*** Opening EXERCISE DATA ***

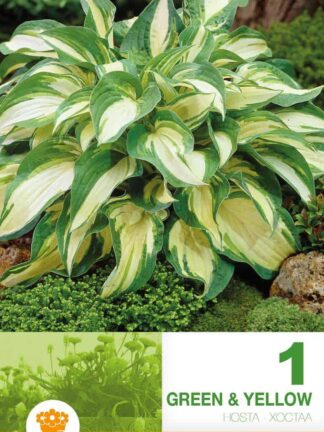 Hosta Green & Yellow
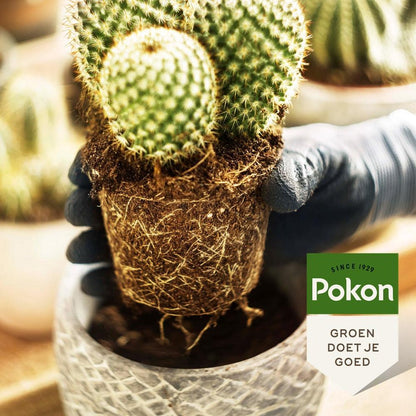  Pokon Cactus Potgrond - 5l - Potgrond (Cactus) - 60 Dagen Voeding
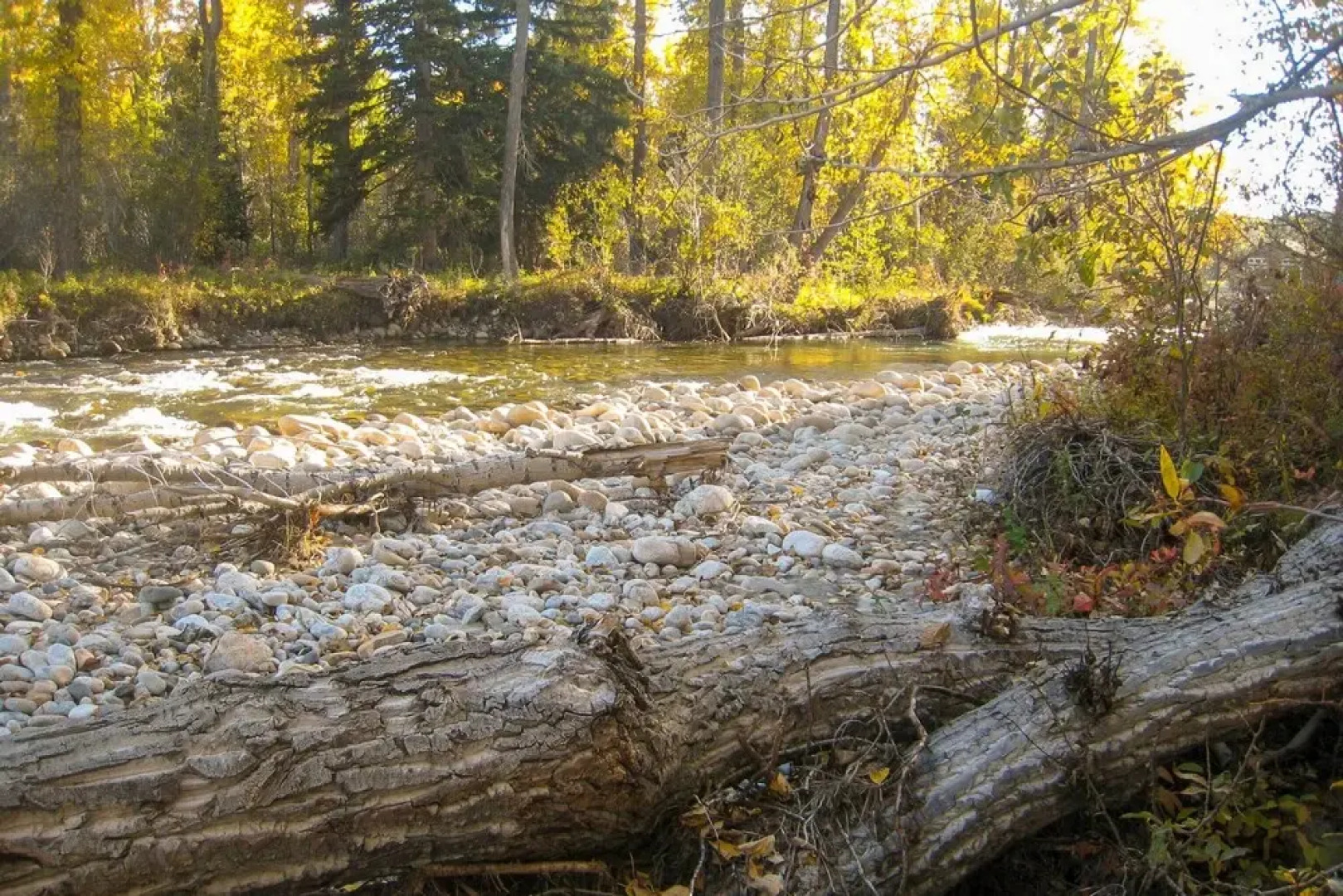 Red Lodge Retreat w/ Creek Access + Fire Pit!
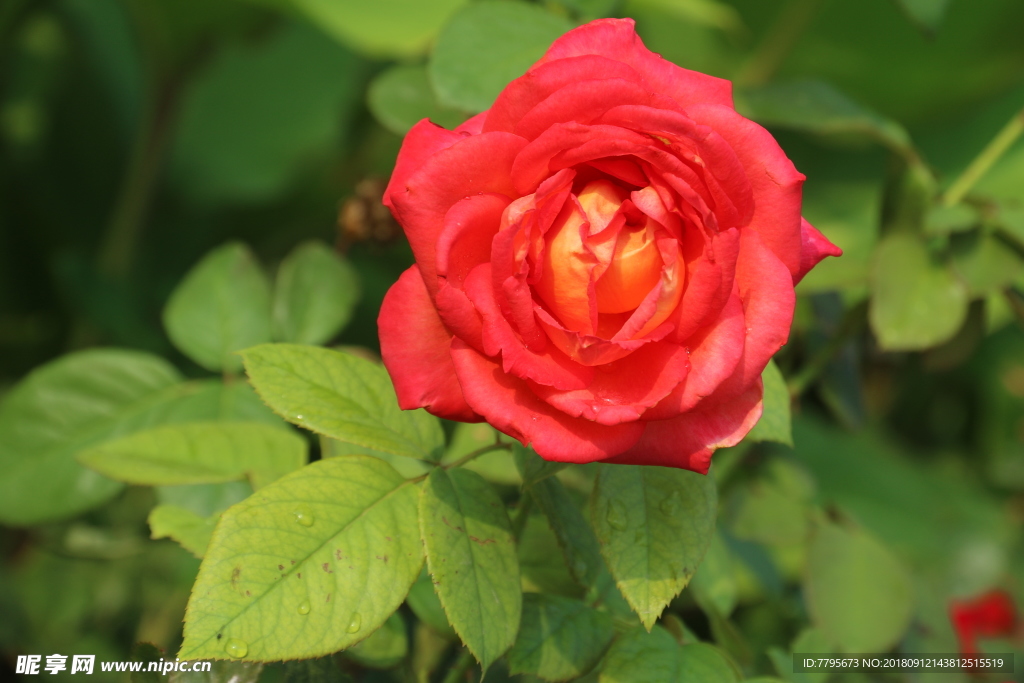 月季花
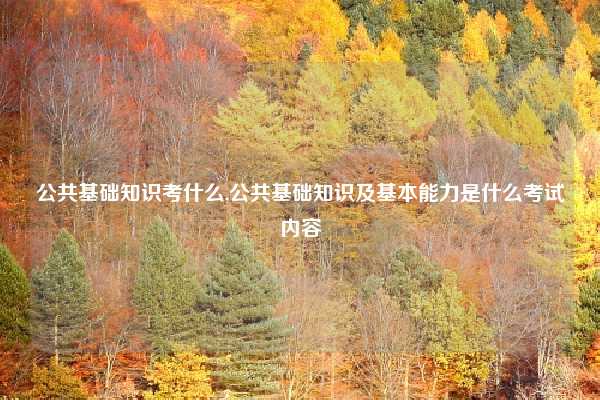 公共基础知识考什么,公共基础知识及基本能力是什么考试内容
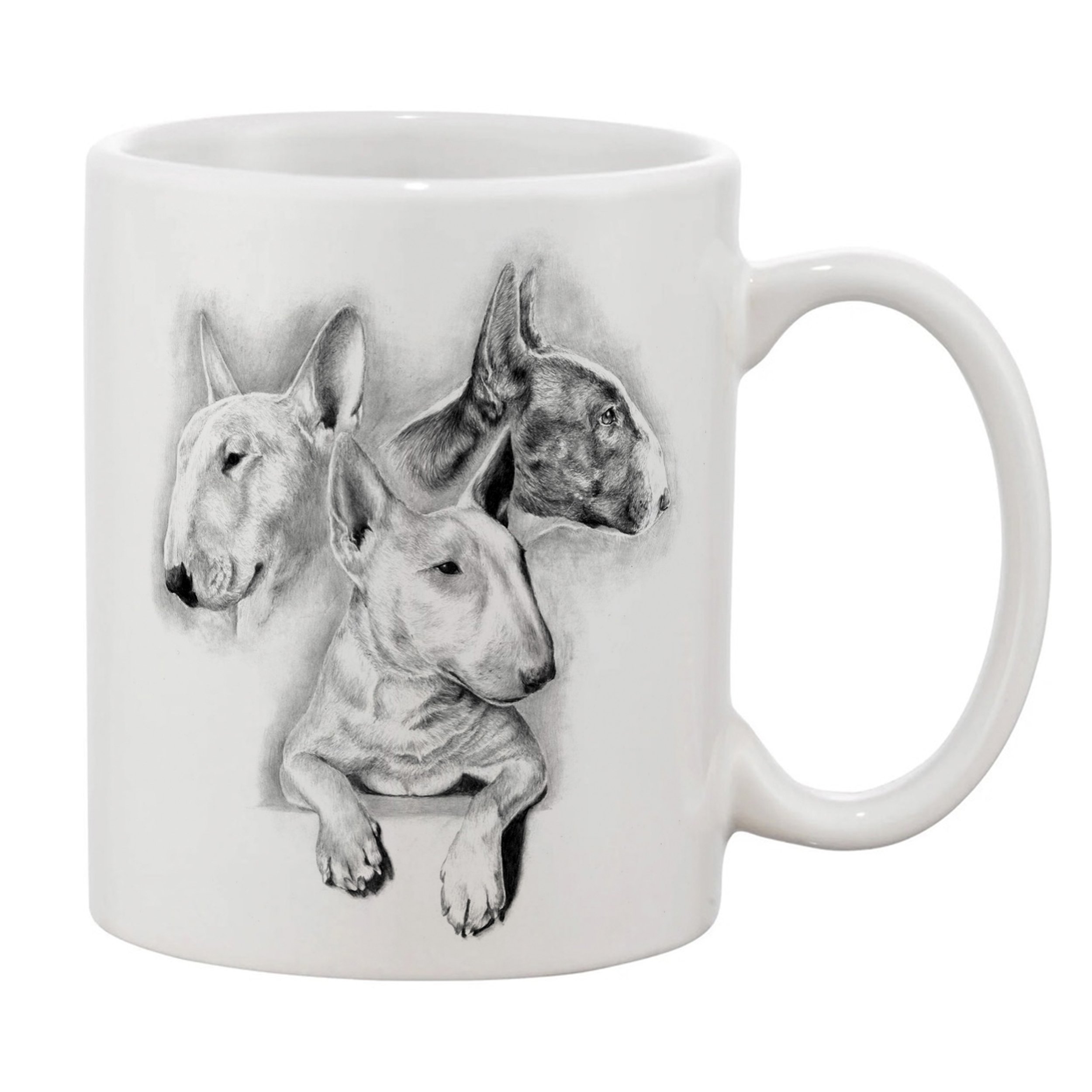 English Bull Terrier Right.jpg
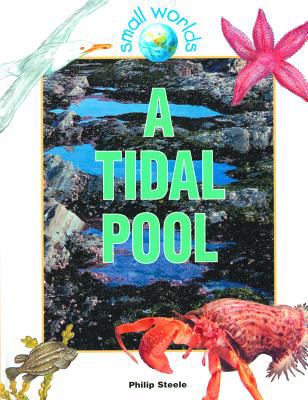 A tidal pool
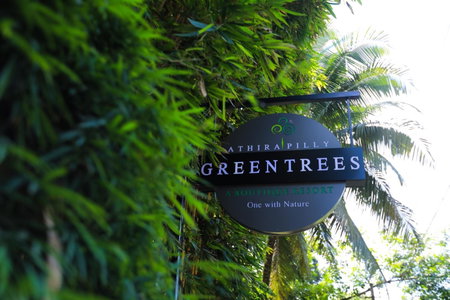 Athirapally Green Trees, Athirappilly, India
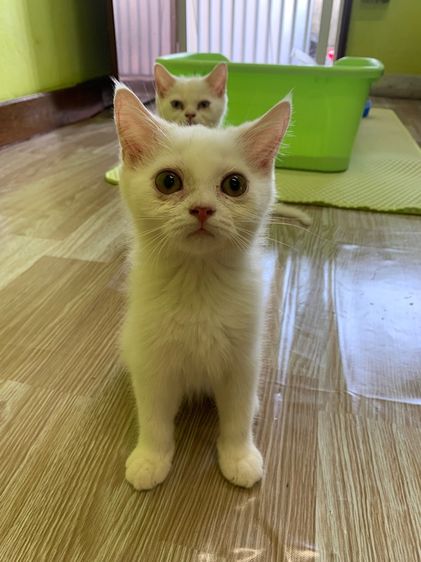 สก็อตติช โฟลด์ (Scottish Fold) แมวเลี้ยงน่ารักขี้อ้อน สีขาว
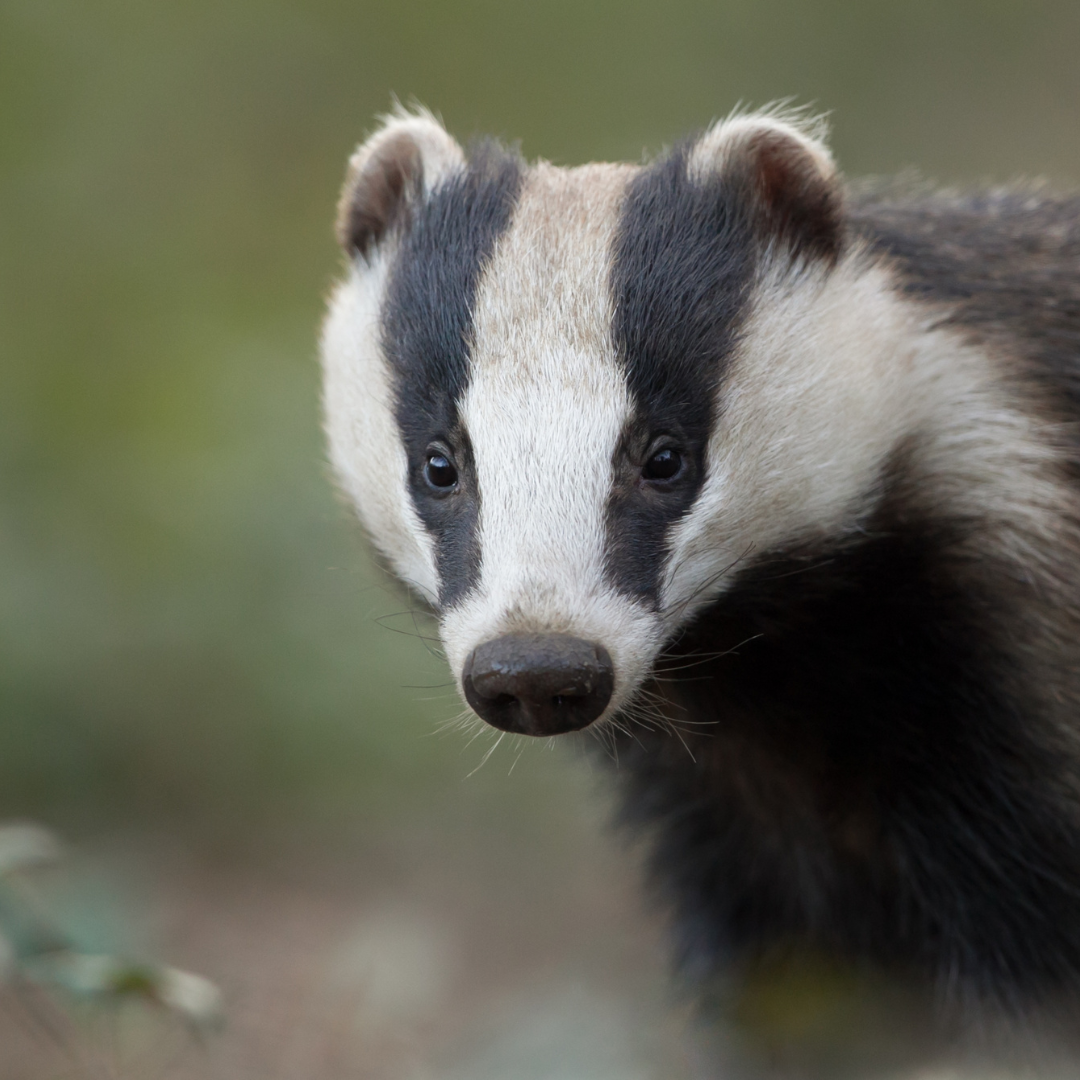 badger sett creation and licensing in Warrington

*** Closing EXERCISE DATA ***

WHAT TO PRODUCE:
The pictures in the data should be omitted, and every remaining line set down exactly.

RESULT OF THE TASK:
 Hosta Green & Yellow
  Pokon Cactus Potgrond - 5l - Potgrond (Cactus) - 60 Dagen Voeding
 Red Lodge Retreat w/ Creek Access + Fire Pit!
 月季花
 公共基础知识考什么,公共基础知识及基本能力是什么考试内容
 English Bull Terrier Right.jpg
 A tidal pool
 Athirapally Green Trees, Athirappilly, India
 สก็อตติช โฟลด์ (Scottish Fold) แมวเลี้ยงน่ารักขี้อ้อน สีขาว
 badger sett creation and licensing in Warrington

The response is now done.